Stone himself can certainly make that claim. Raised in a middle-class family on the New York-Connecticut border, he grew up in a relatively apolitical household, although both his parents were Eisenhower supporters. “I wanted to be an actor but my parents thought this was a bad idea,” he says. “They wanted me to be an electrician or a plumber.”
Stone’s epiphany came from an elderly lady who lived next door — “The classic old lady in tennis shoes” — who gave him a copy of Barry Goldwater’s Conscience of a Conservative, which changed his outlook on life. Goldwater was heavily defeated by Lyndon B Johnson in the 1964 election. He also read another iconoclastic conservative tract, A Choice Not an Echo, by Phyllis Schlafly, who turned 92 the other day. Stone persuaded Trump to call her to wish her a happy birthday. “Once I found Goldwater, that was kind of it,” says Stone. “I realised Lyndon Johnson was a corrupt psychopath. I didn’t understand why anyone would vote for this crook. ”
But Stone’s real coming-of-age came with Nixon, who ran and won in 1968: “Nixon talked about the silent majority, and the forgotten American — just like Trump is doing.” Today Stone’s blue-collar childhood neighbourhood is filled with McMansions. “It’s quite swanky these days,” he says.
Stone is keen to underline that both he and Trump were also fans of Reagan. They first met because Stone was asked to set up Reagan’s first presidential campaign in New York state. He turned to the young property developer for help. It was 1979 and Trump was already a New York tabloid celebrity. His first impression of Trump never left him. “Trump’s office resembled the stateroom scene [a chaotic interlude] from a Marx Brothers movie. He was on the phone, people were coming in to have him sign documents, assistants bringing in notes, a guy comes by with samples so he can choose tiles for his club in Kuala Lumpur. It’s very frenetic and kind of cool, and he’s just a beehive of activity — supercharged, decisive, yelling at people on the phone: ‘I need new plans drawn up. That’s not good enough’ — so I’m trying to make my pitch in this chaos and he says, ‘I’m in. Let me know what I can do’.” This, Stone believes, is how Trump would operate as president.
After Reagan was elected, Stone set up a Washington lobbying group with Manafort, the pugilistic Lee Atwater, who was later to become George Bush senior’s election strategist, and Charlie Black, who remains in the same line of business. One of his first clients was Trump’s resorts and casinos.

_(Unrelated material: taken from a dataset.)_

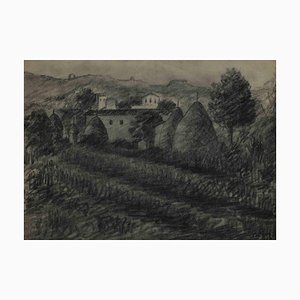 Achille Lega, Paesaggio, Disegno a carboncino, 1928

The only time he and Trump genuinely fell out was when Stone played a role in the 2008 downfall of Eliot Spitzer, governor of New York, who was nailed by the FBI for wiring money to prostitutes across state boundaries. Trump had donated money to Spitzer’s campaigns. Stone, a self-confessed “libertine” who in the 1990s was exposed for having advertised in a swinger’s magazine, met a woman in a Miami nightclub who claimed to be one of Spitzer’s call-girls. Stone later used that information against Spitzer, who resigned in ignominy. Trump, who saw Spitzer as a friend, did not speak to Stone for two years. When Trump first said he was thinking about a run for the White House, Spitzer went on TV and “ripped Trump a new asshole”, in Stone’s words. “That same afternoon Trump called me as if I had never been gone,” he says.
Until now I’ve been in two minds about whether even to raise Trump’s reputation for having lived a Playboy Mansion lifestyle. Like Stone, Trump was a visitor to Studio 54, the legendary no-holds-barred discotheque in 1970s New York. Like Stone, Trump belongs to the wing of the Republican party that believes government should stay out of the bedroom as well as the boardroom. Over the years, Trump has frequently boasted about his female conquests. Yet he has secured the Republican nomination by convincing the party’s evangelical wing that he was a born-again Christian.

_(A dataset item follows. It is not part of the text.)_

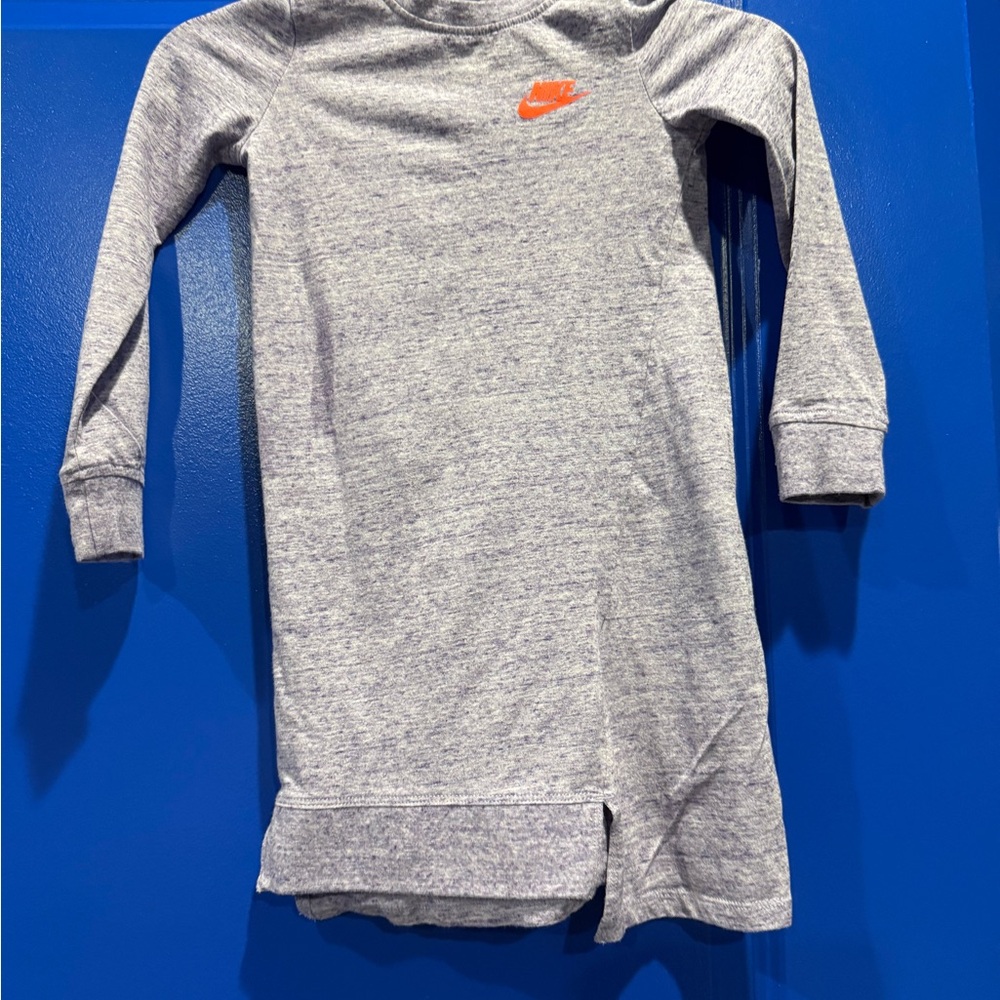 Nike Heather Gray Long Sleeve Dress with Orange Logo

Was it all for show? “The attitude of the evangelical Christians is, ‘I don’t care what you were for three years ago. Who cares if you were for homosexuality 10 years ago. Now you are saved’.” But how could they possibly believe Trump? “Well it [Trump’s Christian declarations] got him nominated,” Stone says ruefully. “I assume there was a calculus there.” What about you, I ask Stone, are you still a libertine? Stone seems to misunderstand the question and embarks on a long answer about how he has always been a libertarian. No, I correct — libertine. Stone pauses: “I decline to discuss my private life because I’m not a candidate for public office and I’ve never been a far-right Christian,” he says.
Fair enough. Stone is, however, keen to make a point about Trump’s arch-rival Ted Cruz, who wears his Christian zeal on his sleeve. The Trump campaign is still smarting from Cruz’s decision last month not to endorse Trump at his convention in Cleveland. Instead he called for Republicans to “vote with their conscience” in November.
We have finished eating. Both of us order double espressos. Stone sounds increasingly caffeinated as our meal progresses. “Trump appeals to evangelicals because he’s a leader,” he says. “Ted Cruz is an oily, duplicitous Dominionist [a branch of evangelicalism]. I keep waiting for the guy to drop to the ground and start speaking in tongues or working with snakes. He’s a fraud.”
What about Hillary Clinton, I ask? What happens if she beats Trump? Stone’s words spill out even faster than before. At one point, he sounds so strident that half the restaurant turns to see what the fuss is about. “If she wins, we’re done as a nation,” Stone shoots back. “We’ll be overrun by hordes of young Muslims, like Germany and France, raping, killing, violating, desecrating. You can see that. It’s happening there.” Stone is so enraptured by his dystopian nightmare, he appears not to notice that everyone can hear him. “If Hillary wins, there will be widespread unrest, civil disobedience, badly divided government in which half the country believes she, her daughter, and her husband belong in prison. There’ll be no goodwill. No honeymoon. There will be systematic inspection of all of her actions because someone who has been a crook in the past will be a crook in the future. It will be sad. I’ll probably be forced to move to Costa Rica.”
Alarmed by the direction of Stone’s prophecies, I ask if he ever thinks of anything other than politics. His manner changes. The hellscape recedes. “Of course I do,” he says and launches into an enthusiastic account of the “bipartisan fashion columns” he writes for the Daily Caller, another conservative website, which include drawing up a worst- and best-dressed list every year. The late Ted Kennedy used to make the cut — mostly for his Shetland sweaters. Stone also approves of Bill Clinton’s Windsor collars. “They really work,” he says. He also likes Trump’s Brioni suits. “Trump practically invented the red business tie in the 1980s,” he says.
But Stone can’t keep away from the subject of Hillary. I have paid the bill and it is time to go. Around 30 minutes ago, Stone had said he must leave soon. Now he lingers to make his point. “Hillary has been on my worst-dressed list for three years — she has no idea what she looks good in,” says Stone. “I think Stevie Wonder must be dressing her.” He is so fond of this age-old quip he repeats it. His joke underlined, we shake hands and head off in opposite directions.